You can choose from a vast range of mountboards from 1.4mm up to 4.1mm,
the deepest available. This is the most common form of frame for photographs and artwork on paper. Window mounts can hide damage that may have been sustained at the edge of a picture and/or crop the image. It is also possible to layer window mounts.
The artwork is attached to a backing - either an acid free mount board or, as we have undertaken for several clients, a custom painted board. We then insert a spacer between the board and the glass ensuring that there is a gap of at least 6mm between the art and the glass.
Float mounting in a box frame is particularly suited to artworks where contact with glass could result in damage. For example, pastels and mixed media.
The artwork is mounted on a hidden raised step, the depth of which can range between 3mm and 8mm, giving the impression of floating above the backing board. When lit from the front, a shadow is cast by the edge of the artwork. We find that this technique works particularly well with oil on board paintings (see our galleries) and ragged edge high quality paper (e.g. watercolour weight).

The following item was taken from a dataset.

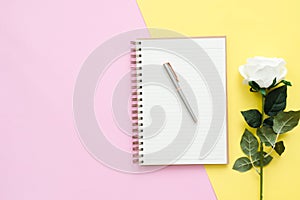 Top view office desk with open mock up notebooks and pencil and plant on pink yellow pastel color background.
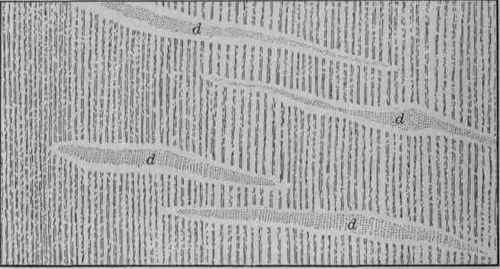 a microscopic enlargment of a tangential section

Typically used for posters and other low/medium value art. The art has no mount and is usually (unless fixed (often dry-mounted) to a backing board where a spacer can be used) laid directly against the glass.
Care needs to be taken when the surface of the artwork could adhere to the glass over time - e.g. gloss photos
Although most commonly employed with canvases, I have successfully used tray frames with board and float mounted art. The canvas/board is fitted inside a tray frame leaving a small gap around the edges. These frames are unglazed.
Oil paintings have a texture which glass can mask due to reflection. Clients often prefer a simple, plain wood frame (stained, waxed etc.). You can see several examples of this in our Colin Moss gallery.